Tale opzione ermeneutica ha ricadute anche sulla verifica da condurre ai fini della genuinità del distacco ai sensi dell’art. 3, comma 2 lett. e) e f), D.Lgs. n. 136/2016 – che fanno riferimento al “luogo in cui l’impresa esercita la propria attività economica principale” e all’“l’ammontare del fatturato realizzato dall’impresa nello Stato membro di stabilimento” – di recepimento dell’art. 4 direttiva 2014/67/UE, in cui sostanzialmente si evidenzia il principio secondo il quale l’attività svolta nel Paese di stabilimento dall’impresa distaccante non può consistere nella mera amministrazione o gestione interna (con formula sovrapponibile cfr. l’art. 14 par. 2 del reg. 987/2009).
Pertanto, in coerenza con l’orientamento espresso dalla Corte di Giustizia vanno aggiornate le Linee guida sul distacco transnazionale (nota prot. n. 622/2019).
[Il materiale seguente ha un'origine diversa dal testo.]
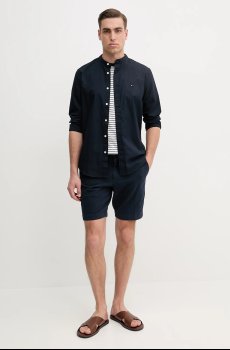 Футболка с примесью льна BOSS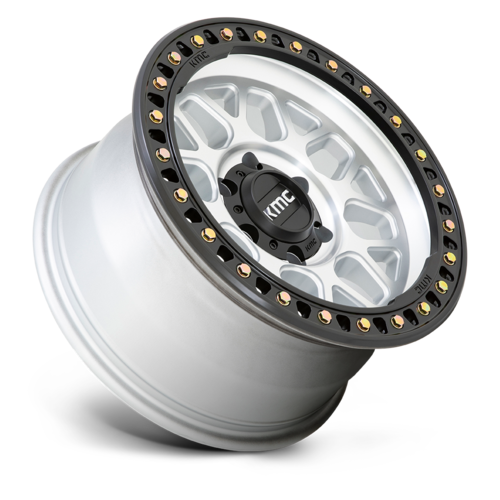 KMC GRS MACHINED W/ SATIN BLACK LIP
In quel contesto, ai fini della predetta valutazione si era posta evidenza, in relazione alle prestazioni transnazionali di somministrazione, sulla necessità di focalizzare l’attenzione sui dati di fatturato concernenti la specifica attività interinale non avendo riguardo, invece, alla fatturazione concernente le eventuali ulteriori attività – segnatamente produttive – pur riconducibili all’oggetto sociale ed esercitate dell’impresa.
Alla luce della sentenza della Corte in commento, va ulteriormente specificato che l’acquisizione dei dati di fatturato dovrà riguardare in modo specifico la messa a disposizione di lavoratori nei confronti di imprese utilizzatrici stabilite nel medesimo SM di stabilimento dell’impresa interinale; dati questi che vanno rapportati, secondo l’indicazione della Corte, al complessivo fatturato conseguito, comprensivo quindi anche del ricavato derivante dalle operazioni transnazionali di somministrazione.
Ne consegue che anche in presenza di un’attività di selezione e reclutamento del personale effettuata nel Paese di stabilimento, l’assoluta prevalenza della messa a disposizione del personale presso Stati membri diversi comporta la contestazione della genuinità del distacco con gli esiti di cui al D.Lgs. n. 136/2016 e l’avvio della procedura, a cura dell’INPS, di contestazione dei certificati A1 eventualmente rilasciati dallo SM di stabilimento.
Resta fermo che, nei confronti dei singoli lavoratori somministrati e a prescindere dalla valutazione effettuata nei confronti dell’Agenzia interinale nel suo complesso avrà rilievo, ai fini del disconoscimento del singolo distacco, la circostanza del loro abituale impiego in somministrazione in altri Paesi dell’Unione diversi da quello di stabilimento (cfr. art. 4, par. 3 lett. c) e art. 3, comma 3 lett. b).